A New Scaled Inverse Modeling Method to Estimate Hydraulic Parameter Variations in a Deep Vadose Zone

Simulating flow and transport in the deep vadose zone requires accurate estimation of three-dimensional hydraulic parameter variations based on limited field and laboratory data. Traditional inverse modeling methods that are commonly used to establish parameter fields usually suffer such limitations as: 1) need of assumption of material homogeneity; 2) large computation times that rise with the number of “free” parameterse; 3) strongly correlated parameters resulting in equifinality problems and “unreasonable” final parameters at predefined minimum or maximum values. In this research we develop a new scaled inverse modeling method with which hydraulic parameters are not optimized directly, instead, output from site-specific and other pedotransfer function are bias corrected by optimizing parameter a and b in the equation: ξi’= ai + biξi where ξi’ and ξi refer to the ith hydraulic parameter after and before optimization.

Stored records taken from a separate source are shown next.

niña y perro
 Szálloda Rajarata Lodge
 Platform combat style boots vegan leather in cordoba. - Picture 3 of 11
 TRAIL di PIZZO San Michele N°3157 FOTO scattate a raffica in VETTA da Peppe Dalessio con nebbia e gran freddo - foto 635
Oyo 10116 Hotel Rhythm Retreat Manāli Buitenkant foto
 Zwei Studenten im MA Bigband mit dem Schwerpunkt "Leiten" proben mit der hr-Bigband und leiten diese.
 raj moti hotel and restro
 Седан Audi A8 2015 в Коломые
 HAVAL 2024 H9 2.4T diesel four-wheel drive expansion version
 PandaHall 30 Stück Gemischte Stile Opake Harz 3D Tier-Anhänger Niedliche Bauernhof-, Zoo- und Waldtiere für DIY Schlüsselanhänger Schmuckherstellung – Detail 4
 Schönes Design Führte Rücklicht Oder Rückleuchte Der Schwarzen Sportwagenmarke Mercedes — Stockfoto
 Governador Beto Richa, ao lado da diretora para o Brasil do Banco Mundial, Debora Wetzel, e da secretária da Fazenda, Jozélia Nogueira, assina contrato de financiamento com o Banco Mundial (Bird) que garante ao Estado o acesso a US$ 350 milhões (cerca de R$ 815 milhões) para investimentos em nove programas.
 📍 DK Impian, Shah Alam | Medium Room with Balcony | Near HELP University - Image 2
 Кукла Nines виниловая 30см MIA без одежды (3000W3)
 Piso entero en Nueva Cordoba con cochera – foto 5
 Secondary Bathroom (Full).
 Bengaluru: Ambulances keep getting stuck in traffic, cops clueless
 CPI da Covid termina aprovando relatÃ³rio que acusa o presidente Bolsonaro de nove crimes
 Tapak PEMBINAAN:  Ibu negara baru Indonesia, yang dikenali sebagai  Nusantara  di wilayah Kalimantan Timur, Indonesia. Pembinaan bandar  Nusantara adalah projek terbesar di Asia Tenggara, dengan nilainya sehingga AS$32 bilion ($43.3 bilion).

In our case there are 5 hydraulic parameters (residual water content θr, saturated water content θs, van Genuchten parameter α and n, and saturated hydraulic conductivity Ks), each has a pair of a and b (i.e.10 parameters in total). Then the optimized a and b can be used to calibrate hydraulic parameters for each point via the above equation. Our results indicate the lowest estimation bias and uncertainty, and the most accurate representation of observed variations in water content, compared to other methods such as traditional inverse modeling, Bayesian Updating and site-specific PTFs, are achieved with this advanced inverse modeling (decrease RMSE by 64%). The new method also possesses such advantages as: 1) no need of assumption of simplified homogeneous layers; 2) reduce number of calibrated parameters (from 25 to 10) so save computer time; and 3) optimize hydraulic parameters of each point so represent 3-D heterogeneity and variations across the site.